In che modo la vicenda riguarda il Csm 2018-2022
Nelle intercettazioni, inviate dalla procura di Perugia al Csm, compaiono anche i nomi di cinque consiglieri in carica nel 2019, uno di loro Luigi Spina (Unicost) è indagato per rivelazione di segreto d’ufficio, secondo gli atti di Perugia, avrebbe rivelato a Palamara l’esistenza dell’indagine a suo carico; Gli altri quattro, Luigi Morlini (Unicost) Corrado Cartoni (Mi), Luigi Lepre (Mi), e Paolo Criscuoli (Mi), non indagati, avrebbero partecipato a incontri non ufficiali, nei quali alla presenza di Palamara e di figure politiche che non fanno parte del Consiglio, si sarebbe parlato della nomina del nuovo capo della procura di Roma, posto vacante da quando è andato in pensione, l’8 maggio Giuseppe Pignatone, e di altre importanti procure, tra queste proprio Perugia, vacante dal 1° giugno. Tra i presenti agli incontri Luca Lotti deputato del Partito democratico (poi autosospeso dal partito), che in quel momento risulta indagato proprio dalla Procura di Roma per il caso Consip, e Cosimo Ferri, magistrato in aspettativa, poi Iv già deputato Pd, già sottosegretario per la Giustizia, e prima Segretario di Magistratura indipendente, la corrente più “a destra” delle toghe.
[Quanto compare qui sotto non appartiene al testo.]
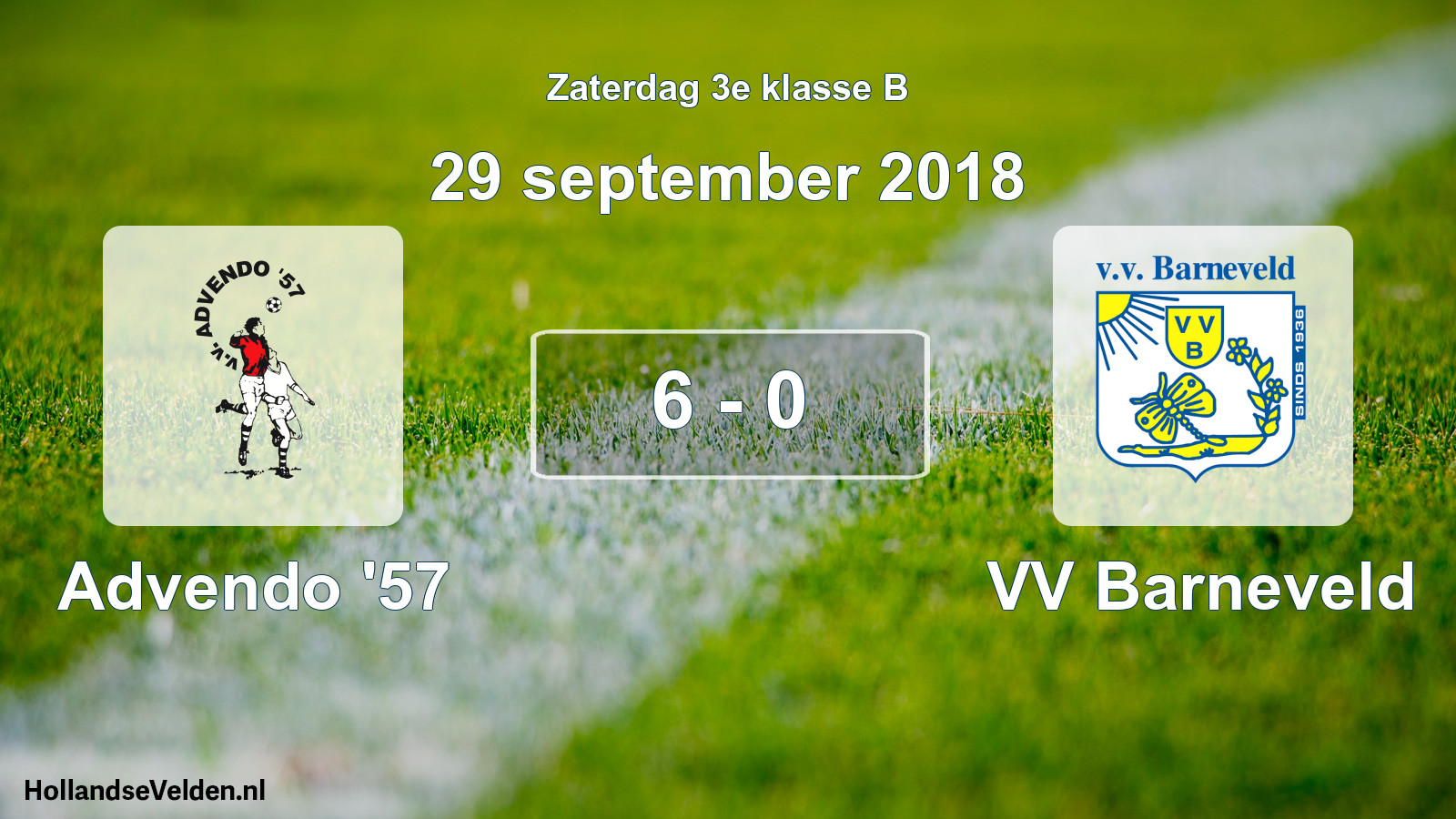 Total number of matches played: Advendo '57 - VV Barneveld 6 - 0 (29 September 2018)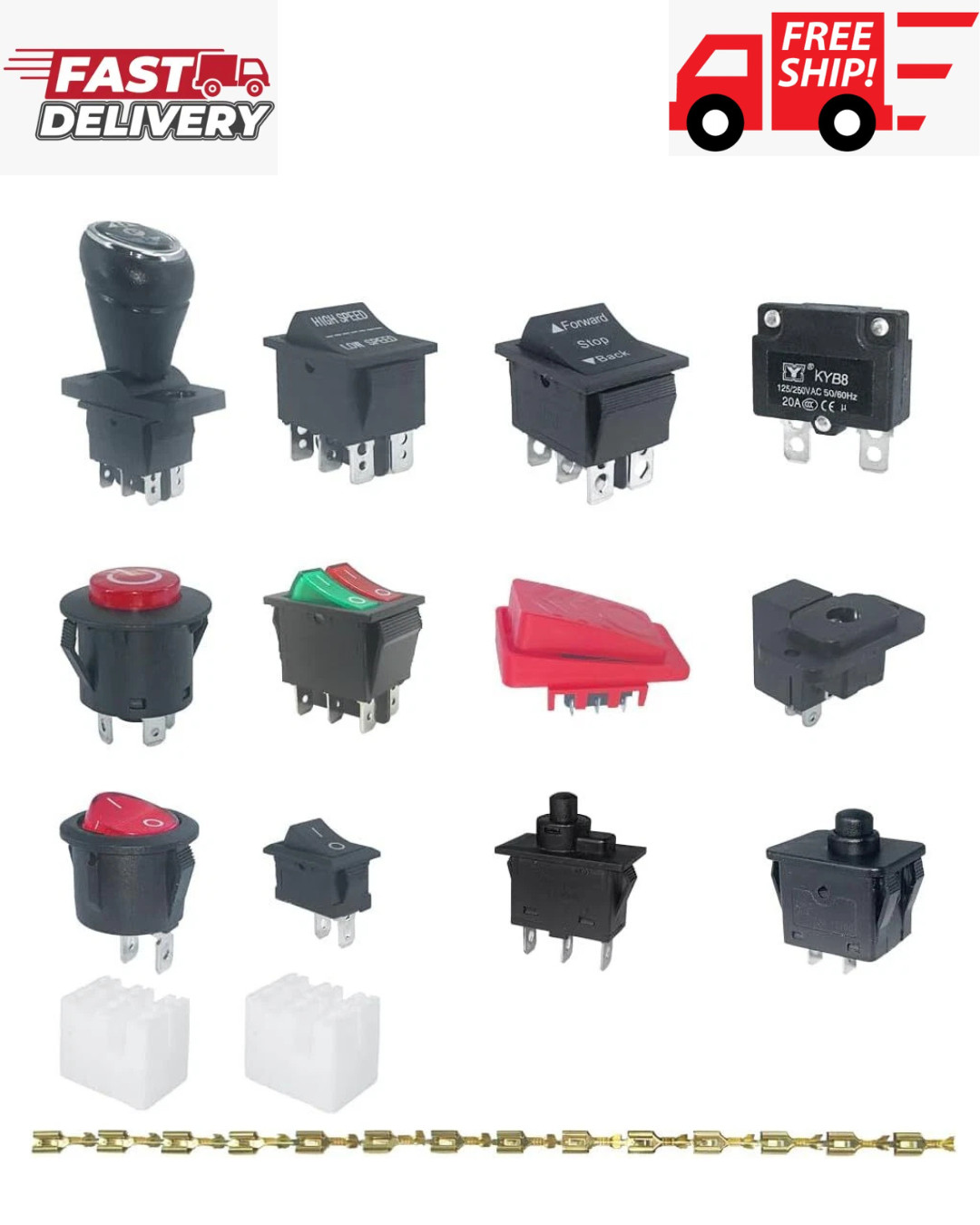 14PCS Set of Switch Kit for Power Wheels Kid’S Ride on Toys Replacement Parts, F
Perché la faccenda desta scandalo al di là dei reati
Le intercettazioni sollevano il dubbio che si sia provato a indirizzare nomine di procuratori, non soltanto facendo prevalere sul curriculum logiche di spartizione tra correnti – tema già di per sé indice di dubbia trasparenza del quale si discute da molti anni dentro e fuori dalla magistratura – ma, cosa più preoccupante, tenendo conto di interessi privati di singoli: magistrati, politici, terzi, che avrebbero gradito, per questioni personali, a Roma un candidato in discontinuità con la gestione di Giuseppe Pignatone.
Come ha potuto l'indagine su un caso estendersi così (effetto trojan horse)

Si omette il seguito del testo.